## Provided records
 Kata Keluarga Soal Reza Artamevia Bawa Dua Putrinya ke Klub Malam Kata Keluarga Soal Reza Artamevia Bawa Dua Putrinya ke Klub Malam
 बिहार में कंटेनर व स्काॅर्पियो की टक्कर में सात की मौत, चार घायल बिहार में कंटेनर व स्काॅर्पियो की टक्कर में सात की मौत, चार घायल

---

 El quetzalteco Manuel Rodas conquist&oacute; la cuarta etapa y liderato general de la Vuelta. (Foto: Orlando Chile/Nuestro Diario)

--

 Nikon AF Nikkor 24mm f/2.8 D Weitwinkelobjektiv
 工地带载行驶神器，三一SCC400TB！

## The task
Could you return exactly the lines above from the line with "Klub Malam Kata" to the line with "चार घायल बिहार", both included, and nothing else?

## Task answer
 Kata Keluarga Soal Reza Artamevia Bawa Dua Putrinya ke Klub Malam Kata Keluarga Soal Reza Artamevia Bawa Dua Putrinya ke Klub Malam
 बिहार में कंटेनर व स्काॅर्पियो की टक्कर में सात की मौत, चार घायल बिहार में कंटेनर व स्काॅर्पियो की टक्कर में सात की मौत, चार घायल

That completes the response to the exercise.